If any provision of this agreement is found to be unenforceable or invalid, that provision will be limited or eliminated to the minimum extent necessary so that this agreement will otherwise remain in full force, effect and enforceable.

15.2 

This agreement is not assignable, transferable or sub licensable by You except with Our prior written consent. This agreement, together with any Order, SOW’s and any Annexes, which are incorporated and included into this agreement, constitutes the entire agreement between the parties and supersedes any and all prior agreements or communications with regard to the subject matter hereof. In the event of a conflict between terms of this agreement and an Order, the terms of the Order shall prevail.

15.3 

No agency, partnership, joint venture, or employment is created as a result of this agreement and You do not have any authority of any kind to bind Us in any respect whatsoever.
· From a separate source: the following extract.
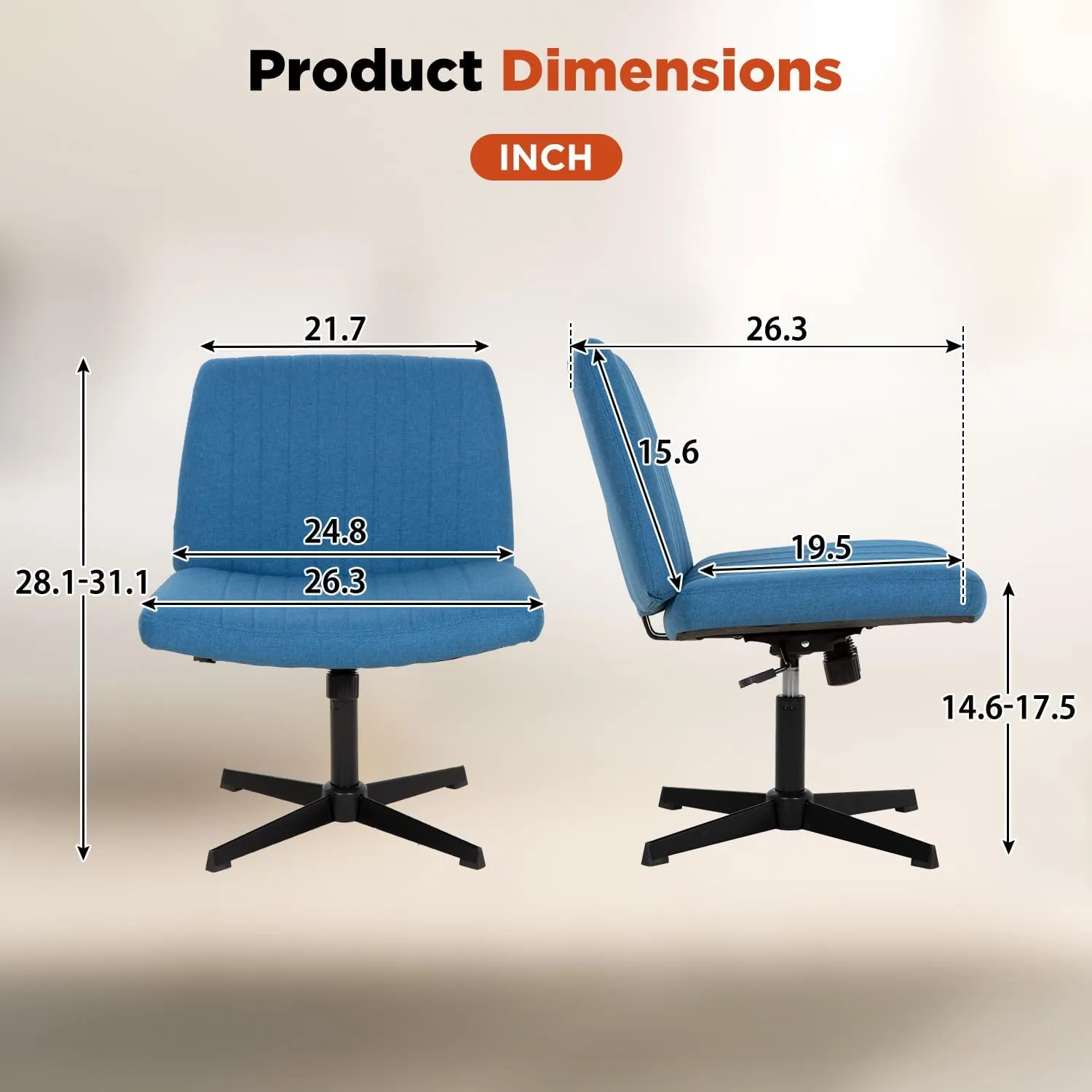 PayLessHere Criss Cross Chair Armless Office Chair No Wheels Modern Swivel Height Adjustable Ergonomic Desk Chair with Wide Seat Computer Task Vanity Chair for Home Office,Blue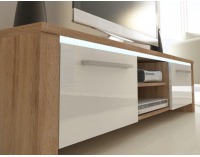 TV stolík Helix - sonoma svetlá / biely vysoký lesk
In any action or proceeding to enforce rights under this agreement, the prevailing party will be entitled to recover costs and legal fees.

15.4 

All notices under this agreement will be in writing and will be deemed to have been duly given when received, if personally delivered; when receipt is electronically confirmed, if transmitted by facsimile or e-mail; the day after it is sent, if sent for next day delivery by recognized overnight delivery service; and upon receipt, if sent by certified or registered mail, return receipt requested, and sent to the address specified herein.

15.5 

This agreement, any dispute or claim shall be governed by the laws of England and Wales, without regard to its conflict of law’s provisions and the parties agree to that the courts of England and Wales shall have exclusive jurisdiction to adjudicate any dispute arising out of or relating to this agreement.

15.6 

The parties shall work together in good faith to issue at least one mutually agreed upon press release within ninety (90) days of the Effective Date, and You agree to reasonably cooperate with Us to serve as a reference account upon request. We agree that use of the Your logo shall be subject to Your written consent and in accordance with Your logo use guidelines as provided to Us.

15.7 

The Services, any other technology and derivatives thereof may be subject to export laws and regulations of the United Kingdom and other jurisdictions. You shall not permit access or use of any of the Services in an embargoed country or in breach of any UK export law or regulation.